EXERCISE DIRECTIONS: Copy every line in the records below that contains the word "Used".

Scraped caption text data
○ ○ ○ ○ ○

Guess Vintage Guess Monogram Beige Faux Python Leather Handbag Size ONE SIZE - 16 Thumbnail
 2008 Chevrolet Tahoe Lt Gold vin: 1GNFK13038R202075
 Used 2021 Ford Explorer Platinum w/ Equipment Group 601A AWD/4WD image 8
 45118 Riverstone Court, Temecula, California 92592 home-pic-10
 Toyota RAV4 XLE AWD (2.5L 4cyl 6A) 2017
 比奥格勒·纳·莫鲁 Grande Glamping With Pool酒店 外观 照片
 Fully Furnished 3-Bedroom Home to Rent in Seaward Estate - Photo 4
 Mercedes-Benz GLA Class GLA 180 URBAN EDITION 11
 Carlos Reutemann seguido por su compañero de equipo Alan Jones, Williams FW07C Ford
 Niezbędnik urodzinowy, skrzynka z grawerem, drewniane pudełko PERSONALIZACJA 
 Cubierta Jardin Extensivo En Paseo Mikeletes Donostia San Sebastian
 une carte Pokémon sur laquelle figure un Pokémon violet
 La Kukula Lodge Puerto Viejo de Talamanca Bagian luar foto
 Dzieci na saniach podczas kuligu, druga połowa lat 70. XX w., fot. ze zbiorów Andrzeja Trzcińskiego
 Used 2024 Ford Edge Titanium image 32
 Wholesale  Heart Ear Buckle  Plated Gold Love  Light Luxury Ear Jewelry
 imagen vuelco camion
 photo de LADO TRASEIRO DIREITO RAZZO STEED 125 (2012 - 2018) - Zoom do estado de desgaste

○ ○ ○ ○ ○

TASK OUTPUT:
 Used 2021 Ford Explorer Platinum w/ Equipment Group 601A AWD/4WD image 8
 Used 2024 Ford Edge Titanium image 32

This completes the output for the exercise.